The StarScope Monocular is advertised as both a hand-held scope and incredible zoom lens for smartphones accompanied by some rather unbelievable performance claims. Krazy Ken of YouTube Channel Computer Clan first looks at the ads and dissects the promises before putting the scope to the test himself.
To say the claims put forth by the Starscope Monocular marketing team are far-fetched is a bit of an understatement. The company promises a “military grade” scope that can no only compete with the quality of modern cameras and full-size lenses, but can do so for a fraction of the price. The press release the company published in early February even claims that the “technology” inside it, namely the BAK4 Prism, is “normally found in high-end binoculars that cost around $1,000.” Considering the product is available for less than $100, that seems like a discount that is too good to be true.
In the video above, Ken breaks down a marketing video for the optic that is hilariously ridiculous at best and heinously disingenuous at worst. Though the specific video he references wasn’t available at the time of publication, a separate video found on the company’s website and Amazon listing both continue to show the lens used in ways that set unrealistically high expectations for what is essentially just a 10x monocular.
Below is a marketing video published on the company’s website.
Some of what the company promises this monocular can do are wildly inconsistent with the laws of physics. Ken goes into more detail above, but the below image should give you an idea of outrageous performance the company says the product can deliver:
The company’s depiction of its product is also confusingly inconsistent. In the video above, Ken shows a few places where the company doesn’t seem to use the same product at different points in its own marketing video, but that’s not the only place this is a problem. Even looking at the Starscope’s press release published on Global Newswire shows both this photo:
As well as this one:
Needless to say, those are not the same product. Added to that, arguably neither of these two images actually does show what the product actually looks like, which is the below (from the Starscope website):
Additionally, the video Ken examines shows zooming capability that, if you ignore the footage is most certainly from a Nikon P900 example and not shot with the Starscope, appears not to be a feature of the Starscope at all: it doesn’t have a variable zoom.

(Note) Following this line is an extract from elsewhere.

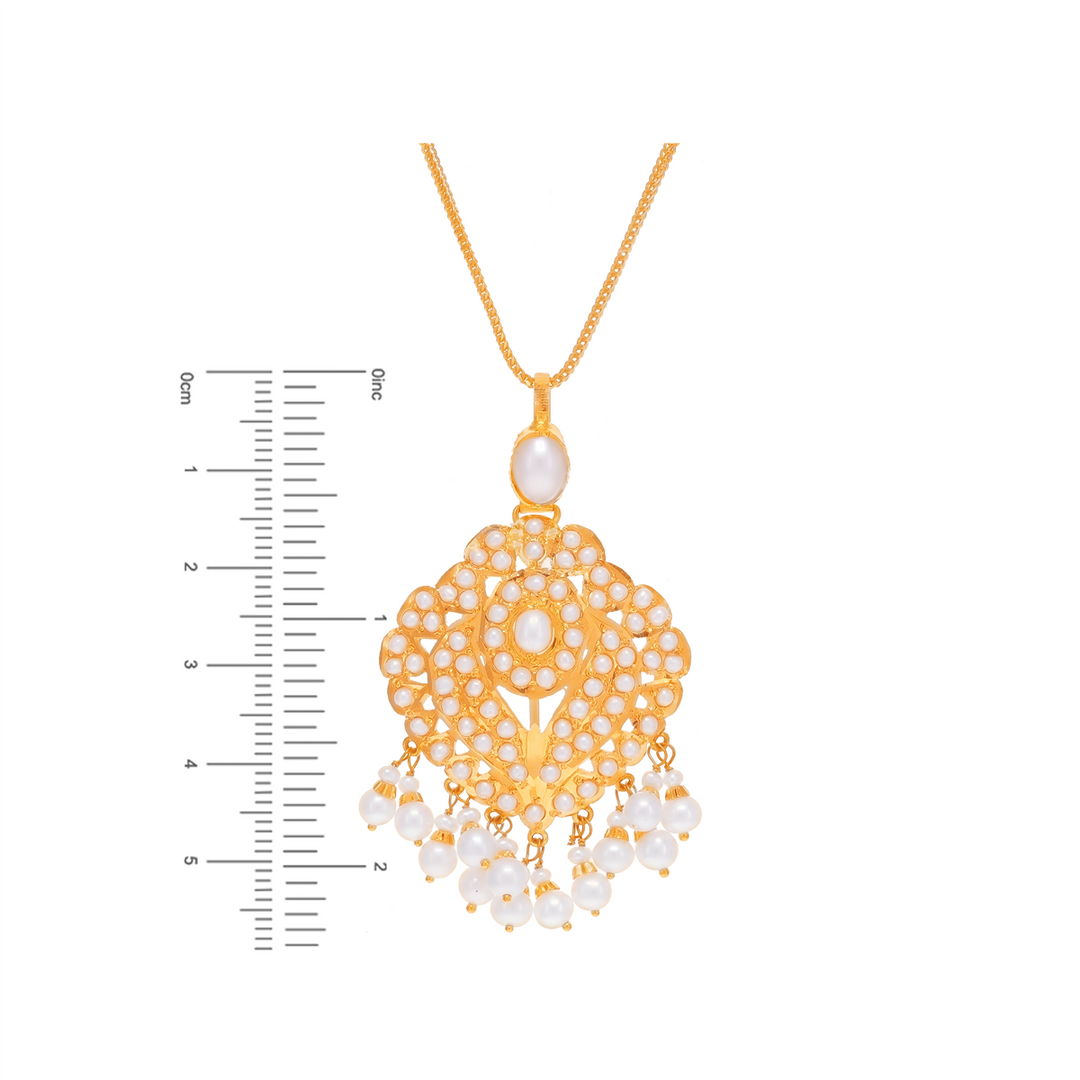 Alluring Pendant Set  With Pearl in 22K Gold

Ken spends most of the video above breaking down the false marketing claims which he clarifies are a set of hypotheses ahead of actually reviewing the unit itself. Curiously, he was unable to buy the product directly from Starscope and had to go with an Amazon listing which, according to Starscope’s own words, should be “considered illegitimate and fake by any means” if bought on eBay, Amazon, Walmart, or Best Buy. That said, the same video that leads the Starscope home page can be found on the Amazon product listing and it appears to be identical (which is more than can be said about Starscope’s own inconsistent imagery of the product).
Warning: The theme song that Starscope appears to have actually commissioned for its product (the 39-second long video on the Amazon listing) is incredibly catchy and will get stuck in your head.
Any photographer with even a little experience who would see the claims made by Starscope would likely immediately to disregard them as blatantly false advertising, but it’s important to note that inexperienced hobbyists might actually fall for what Starscope is attempting here. Luckily, Ken shows what the product can actually achieve and it’s a lot less exciting than the product’s over-the-top marketing. Hopefully potential buyers do their research before dropping $70 on this device.